March Madness success boosts USC’s reputation and wallet

With the Pac-12′s prowess and USC’s Elite Eight appearance, this year’s tournament brought new prestige and big payouts to the West Coast.

For the first time in 20 years, USC men’s basketball danced its way to the Elite Eight in the NCAA Tournament. This historic run, plus the media attention garnered by the Mobley brothers, will not only influence the school’s athletic reputation, but its revenue and finances.

For conferences like the Pac-12, which saw five of its schools given a bid to the tournament and three advance to the Elite Eight, it means payouts the likes of which have only been seen once before in tournament history.

A conference’s payout is based on an accumulation of “units,” which are earned every time a team advances in the tournament. The units are paid out to the respective conferences for the following six years, gaining interest each year. In 2021, each unit was worth $337,141. The Pac-12 had the most teams (3) advance to the Elite Eight, earning a total of 19 units by the end of the tournament. Each school, or member, of the Pac-12 will receive equal dividends of the revenue, regardless if it made the NCAA Tournament or not.

The question becomes: Where does the money go? According to the L.A. Times, the money based on units given by the Pac-12 to schools like USC go directly to the schools’ athletic departments. Schools can independently decide how to spend their share from there.

For USC, which had not made it to the Elite Eight since 2001 before this year, the historic run is about more than just the finances, but also the program’s exposure and long-term development.

Darren Rovell, a sports business analyst for The Action Network, discussed the implications of such success on a conference like the Pac-12 that has faced criticism in past years.

“Obviously, it’s given the conference — whose TV deal and whose leadership has been called a disaster — confidence and relevance,” Rovell said. “A run through the tournament and going this far, especially when there’s not a lot of expectations, is something that’s big for them. There’s a lot of positive energy potential.”

USC associate professor of professional practice Miki Turner said that USC men’s basketball’s revenue from the tournament will be best served toward recruiting new players to replace powerhouses leaving the program, such as freshman forward Evan Mobley, who declared for the 2021 NBA Draft on April 16.
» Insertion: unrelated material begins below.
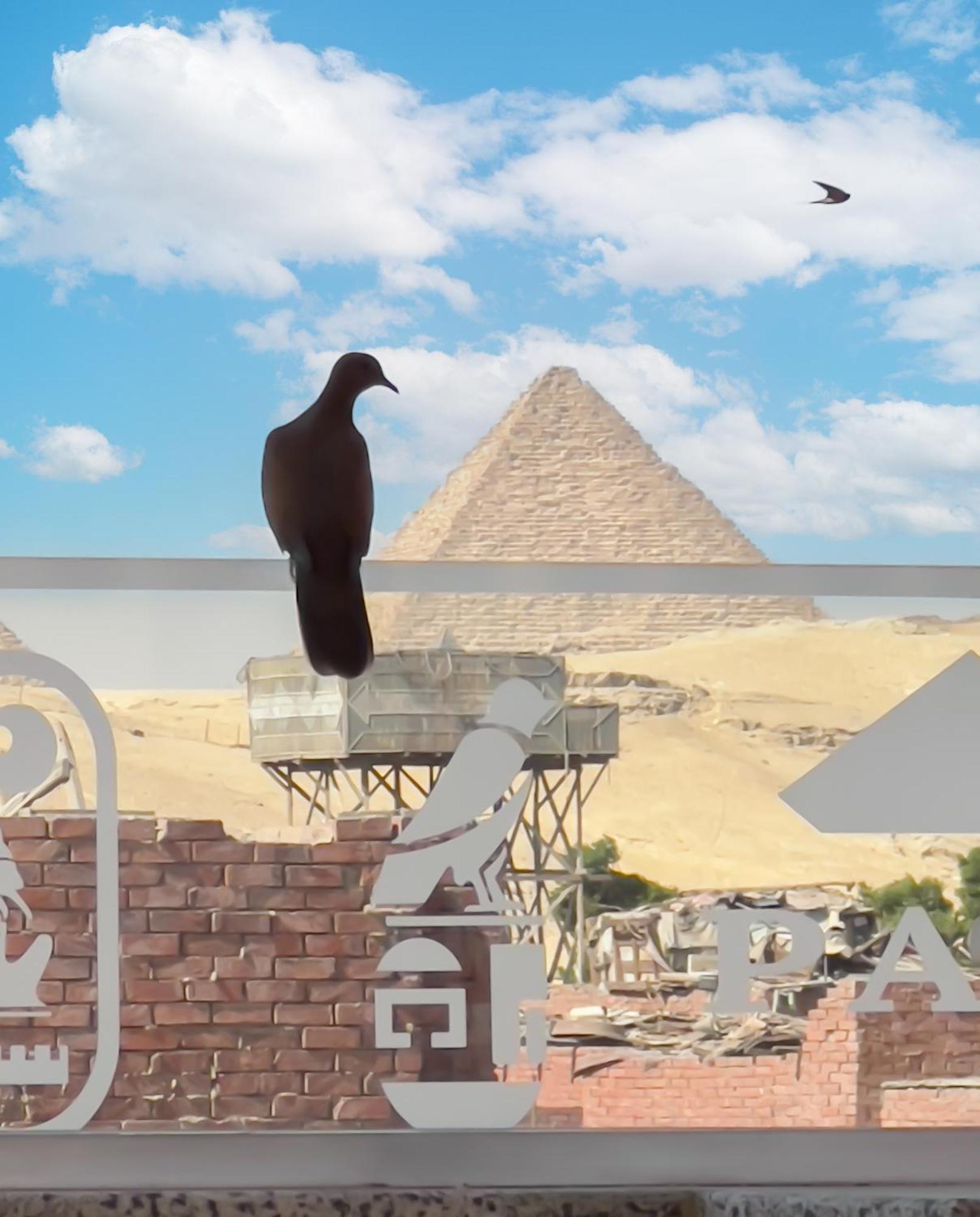 Apartment Paradise Pyramids View *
“I think that USC probably will see a sort of resurgence financially and in terms of recruitment for its run this year,” Turner said. “Once you recruit the top players, five star players, then you generate even more money.”

Still, the Pac-12 competes with seemingly more popular conferences like the Big Ten, ACC and Big 12 for national attention. For a conference like the Pac-12 that “started from behind,” as said by USC associate professor of professional practice Jeff Fellenzer, the progress made in the 2021 tournament could indicate future growth.

“The perceptions that you leave the public with at the end of a season carry over into the next season in the off-season talk – the preseason rankings, recruiting, national outlook,” Fellenzer said. “All of the sudden, Pac-12 schools will be in rankings pre-season, and that gets you to the national conversation, that gets your coaches and players on talk shows and feature stories. It provides an upward arc into the next season.”

In terms of media attention, senior director of business communications and heritage for the L.A. Kings Jeff Moeller emphasized the importance of national and local news coverage surrounding Pac-12 teams.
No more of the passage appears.